Like a child treating herself to her favorite candy after a rather painful trip to the dentist, she held her escape between her fingers and reached excitedly for its complement. Dammit, she thought. The complement was one of those roll-types that she never really got to using even if she grew up searching for them in her father's pockets. She knew and she'd already accepted that she was just a novice in such and such affairs, bound to commit mistakes out of clumsiness and irregularity of habit [if ever habit could be irregular]. But she also knew it would be a blow to her ego if she couldn't accomplish the task satisfactorily. If only her vice guru were there, that wouldn't be too big a problem. He'd happily initiate for her.
She sucked on the pellet she'd been consuming, intending to postpone her attempt for even a splitsecond. The cart woman looked on. The old man near the stand cleared out his lungs and spit greenish phlegm. When time comes, that'll be the first legislation I'm going to pass -- no fucking spitting on the ground.
She sucked harder. Her mouth went dry. Harder, until her tongue felt numb. Harder, until she felt a tinge of pain. She stopped.

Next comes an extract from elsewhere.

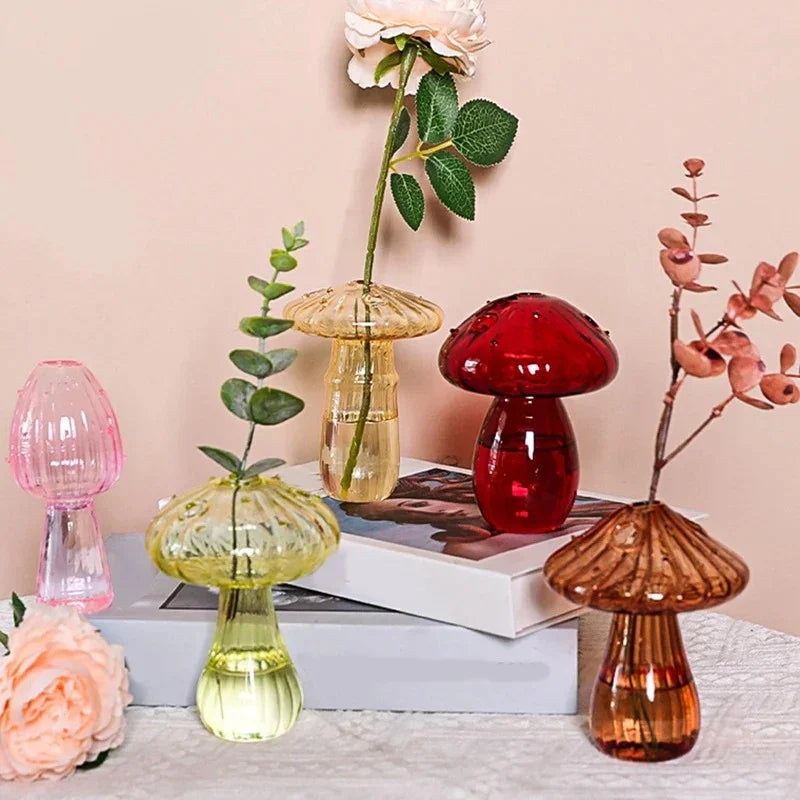 Lucio Bun Vase Collection - Set of 5-Welvere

This is pointless. Suffer or suffer longer. With a silent stipulation of mind and body, she fixed her thumb against the metal and slid it down. Nothing. Then, with a second attempt, a heavier push, the sacred flame ignited.
She lit the slender and fragant beauty that was parting her chapped lips. The tip of her stick climaxed to a brief red and eventually turned to ash. For a first glorious moment, she took a drag and the incense was in her -- its bitter taste spread over the roof of her mouth, into her gums and, embraced her tongue, the magic of its chemical erased the worries and tension in her head, the pangs of guilt from having taken it coursed throughout her body. She thought she would choke on it with the air playing on the border of her throat. Then she released it, slowly, admiring it as long as its visibility permitted, taking in every detail before it gave itself to evanescence.

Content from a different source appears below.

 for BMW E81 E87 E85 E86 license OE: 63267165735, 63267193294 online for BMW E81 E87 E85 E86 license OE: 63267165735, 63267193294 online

She continued to work it as she made her way towards the adjacent building. With every step, her questions plagued her, the intensity of rhetorics merely worsening the condition of her fried brain. She saw her life as the exact same thing she was hitting on. How could something so good also be a detriment? Why is it that there is a need to belong and, upon acceptance, the mounting urge to escape? Why do reasons always turn into excuses? Why this tolerance for pain, this willingness to take risks? How come no pleasure ever lasts? What and where is happiness? Don't I have a fucking say in things? It's my life after all.
She sat on the washed out steps of her college. She felt like a speck, an unimportant detail of a bizaare scene, a minute obscenity in the raw, unnoticeable to the public who constantly passed her by. She felt ill. She breathed; with every drag she consumed and was consumed. A few more, and her last.
Then it was over. She stood up and walked a few steps away from the guard. She threw the evidence of her existence, the nothingness of the butt, and crushed it with her foot to pacify the remaining cinders. As she was feeling for her purse in her bag, a guy who hardly knew her but had been quite a figure not so long ago in her life, came by and asked.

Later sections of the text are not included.